Le 23 juin 2014, un certain lundi, alors que je rentrais d’une promenade avec mes camarades, le pire était arrivé : ma mère était morte. Le choc de ma vie ! Ma moitié, mon amie, ma mère est morte !
Cette perte a bouleversé ma vie. Je ne parlais plus, je ne mangeais plus. J’en ai voulu au monde entier tellement c’était injuste. Je ne pouvais pas accepter la réalité. Je ne pouvais pas imaginer la suite sans elle. Mes grands-parents me suppliaient de faire mon deuil. Mais comment ? J’ai choisi de le faire pour les autres, mais jamais au fond de mon cœur. Ma mère sera mon ange qui me guidera.

Une providence ?

Après ce « deuil  », mon père refait surface. Je crois que personne ne peut imaginer la haine que je ressentais pour lui et pour la vie. Je ne voulais pas le voir parce que je ne l’avais jamais aimé. Avant que ma mère ne « parte  », je lui avais promis de faire un effort. Je devais donc tenir ma promesse et essayer d’apprendre à le connaitre. Je me pose maintenant la question : si je n’avais pas fait cette promesse, peut-être qu’elle serait encore avec moi… Je n’ai toujours pas de réponse, mais j’en souffre.

Le déchirement

Comme si ces douleurs n’étaient pas suffisantes ! Voilà qu’on m’annonça que je devais partir en France ! Ahhh ! La haine que je ressentis en apprenant cette nouvelle !!! La personne que je n’avais jamais connue voulait me prendre ; il, ce « père  », voulait que je vive avec lui ! Il voulait m’éloigner de mes grands-parents, de la tombe de ma mère ! Pourquoi maintenant ? Que voulait-il exactement ? Je ne veux pas aller en France ! Au fond de moi, la haine grandit ! Je suis trop jeune pour prendre mes décisions et je dois obéir. La vie n’est pas juste ! Elle n’a pas été toujours bonne pour moi, comme si elle voulait me faire payer les moments de bonheur que j’ai vécu avec ma mère. J’ai mal… La vie est dure mais je dois être plus forte qu’elle.

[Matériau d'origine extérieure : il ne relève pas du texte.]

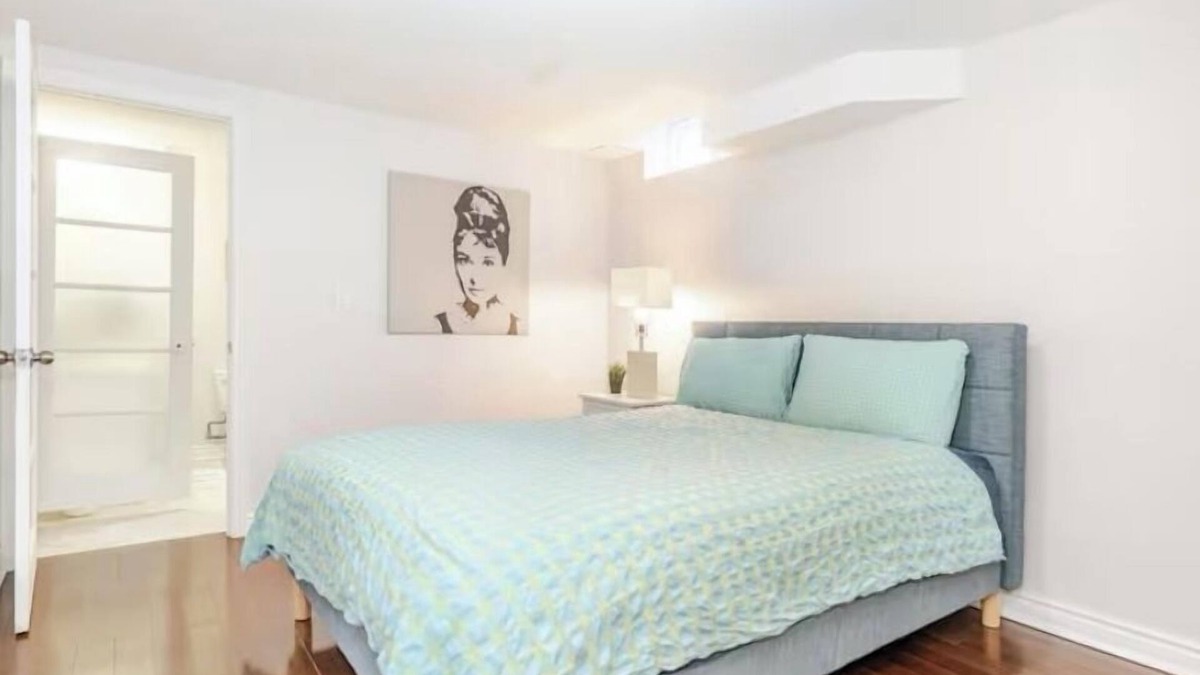 Rathwood Apartment | 2 Bedroom, 2 free parking, 5 min to Mississauga center, 20min Toronto center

Donc, malgré toute ma douleur, j’ai accepté de venir en France.

La France

Lorsque je suis arrivée dans ce pays étranger et étrange, pour vivre en plus avec des inconnus, j’avais peur. Mais j’ai pris sur moi, j’ai décidé d’être forte et de construire la suite avec intelligence. Avec mon père, c’était toujours la guerre, mais cela nous a permis de mieux nous connaitre.

Le collège

L’arrivée au collège a été aussi un moment difficile : mes peurs se sont multipliées. J’avais peur de l’accueil des professeurs. Certains étaient merveilleux parce qu’ils faisaient l’effort d’articuler en parlant, ils expliquaient quand on ne comprenait pas et ces cours se passaient bien. D’autres par contre faisaient leur cours sans se soucier de nous. Certains nous accueillaient sèchement et on se sentait découragés, ça nous démotivait. Les élèves du collège étaient méchants, lorsqu’ils se moquaient de nous
en classe, les professeurs ne les grondaient même pas. Les élèves faisaient donc un peu n’importe quoi et moi ça m’énervait parce que dans mon pays les élèves n’avaient aucun droit de manquer de respect aux personnels de l’école. J’espère que dans l’avenir ils comprendront que ça ne servait à rien d’être irrespectueux puisque ça ne mènent a rien.
J’avais peur aussi des camarades de classe car je craignais les moqueries. J’observais les autres et j’ai fini par faire le tri. J’ai donc réussi à me faire des amis parmi ceux qui viennent d’ailleurs, comme moi. Nous avons formé un groupe très solide pour faire face aux méchancetés. Nous avons décidé de nous protéger, de nous entraider pour être forts. Chacun de nous est arrivé avec son histoire, ses douleurs, ses larmes. Notre union était notre force. Je ne les oublierai jamais.

La vie doit absolument continuer…

Chaque histoire de vie est longue. On ne peut pas tout raconter. Moi, j’ai fait passer mes peines à travers mes souvenirs pour oublier d’autres choses. Mais, à un moment donné, il faut les faire ressortir.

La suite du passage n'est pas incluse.